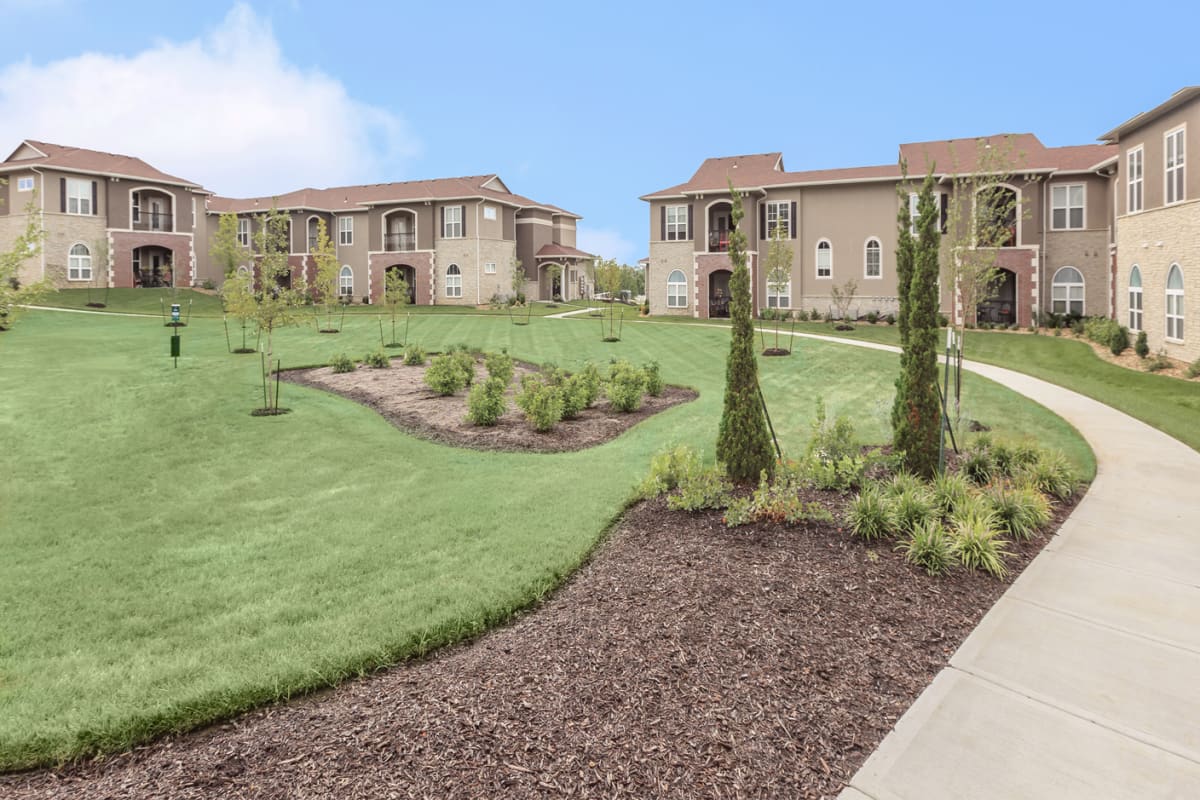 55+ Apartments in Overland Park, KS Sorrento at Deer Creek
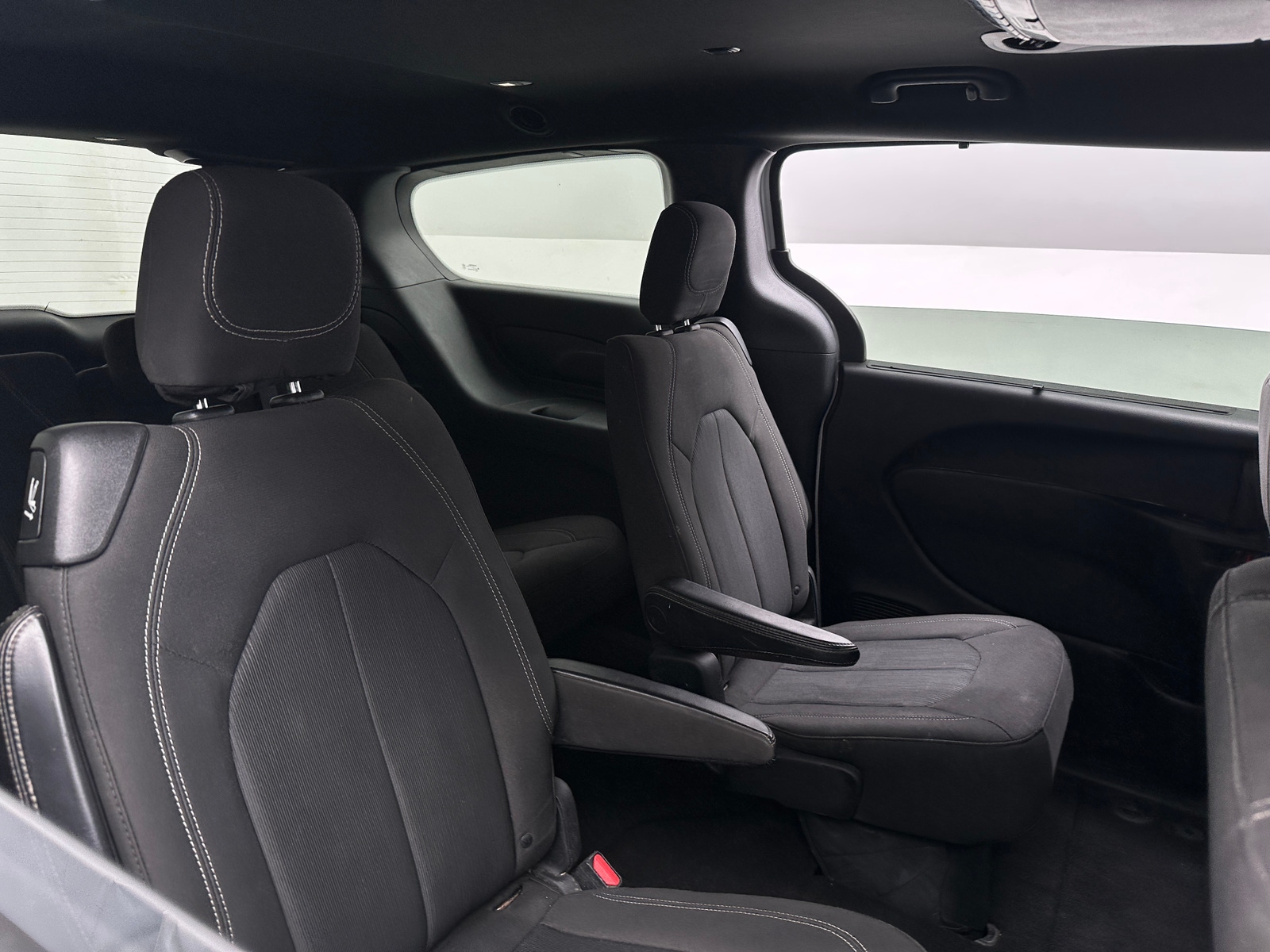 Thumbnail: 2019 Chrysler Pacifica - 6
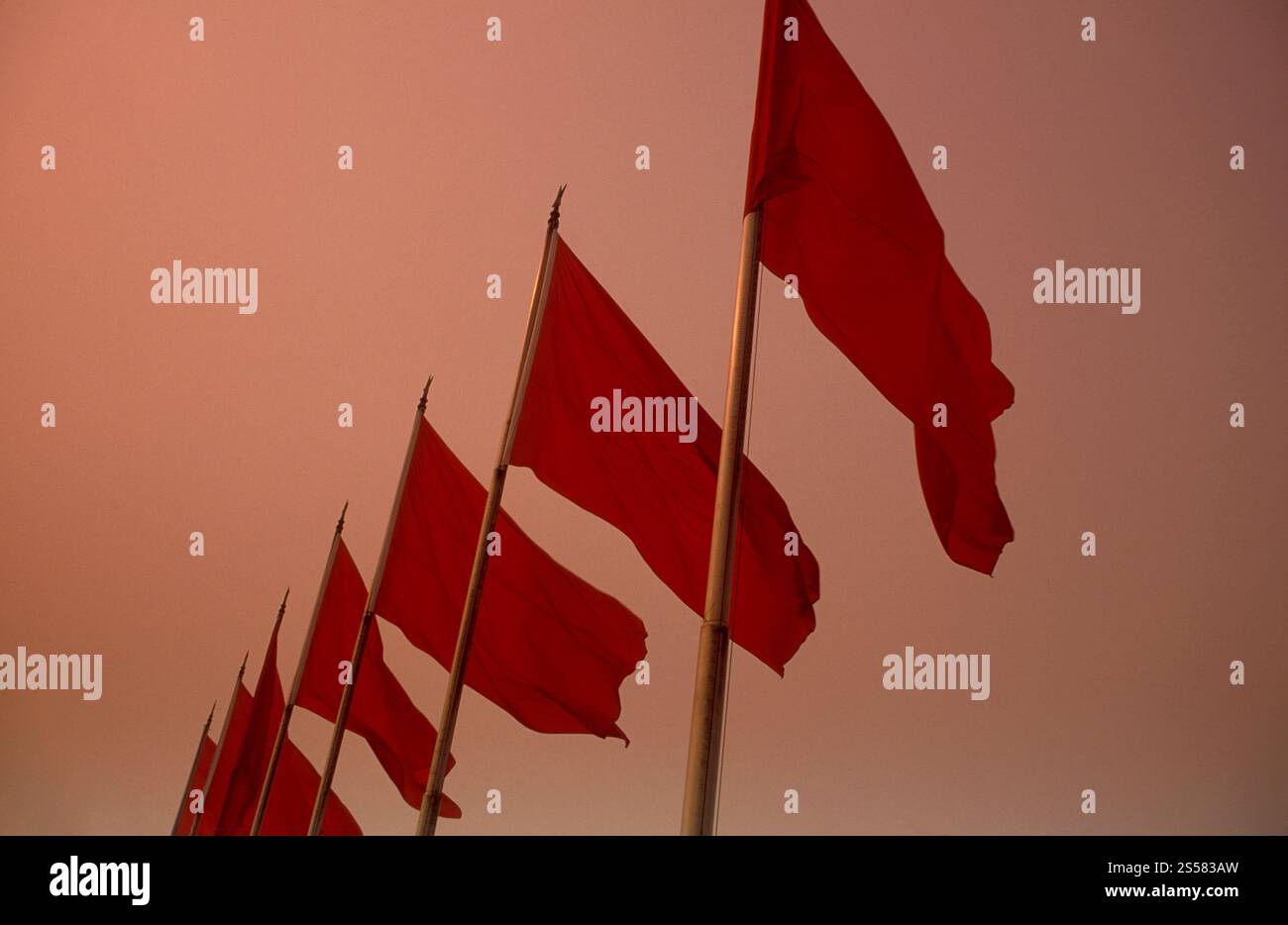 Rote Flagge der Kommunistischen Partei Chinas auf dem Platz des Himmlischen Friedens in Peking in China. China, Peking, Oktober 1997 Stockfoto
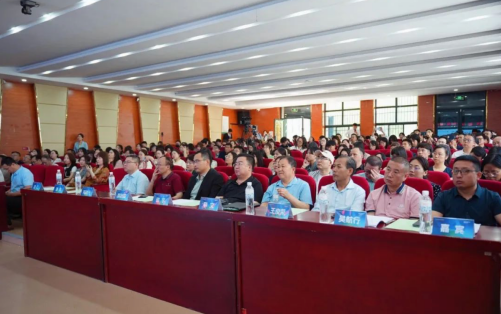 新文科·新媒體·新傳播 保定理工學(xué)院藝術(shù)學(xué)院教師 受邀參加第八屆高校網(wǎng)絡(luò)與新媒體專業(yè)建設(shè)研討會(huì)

--

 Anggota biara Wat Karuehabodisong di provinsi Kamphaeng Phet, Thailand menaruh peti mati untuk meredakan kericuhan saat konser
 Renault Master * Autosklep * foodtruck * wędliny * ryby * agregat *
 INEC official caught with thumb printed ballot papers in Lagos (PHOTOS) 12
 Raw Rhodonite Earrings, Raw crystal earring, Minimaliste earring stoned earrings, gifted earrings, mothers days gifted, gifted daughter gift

§ WHAT TO PRODUCE
In the entries above, find the line holding "Anggota biara Wat" and the line holding "Raw Rhodonite Earrings, Raw", then retype exactly those two lines and every line between them, and nothing else.

§ RESULT OF THE TASK
 Anggota biara Wat Karuehabodisong di provinsi Kamphaeng Phet, Thailand menaruh peti mati untuk meredakan kericuhan saat konser
 Renault Master * Autosklep * foodtruck * wędliny * ryby * agregat *
 INEC official caught with thumb printed ballot papers in Lagos (PHOTOS) 12
 Raw Rhodonite Earrings, Raw crystal earring, Minimaliste earring stoned earrings, gifted earrings, mothers days gifted, gifted daughter gift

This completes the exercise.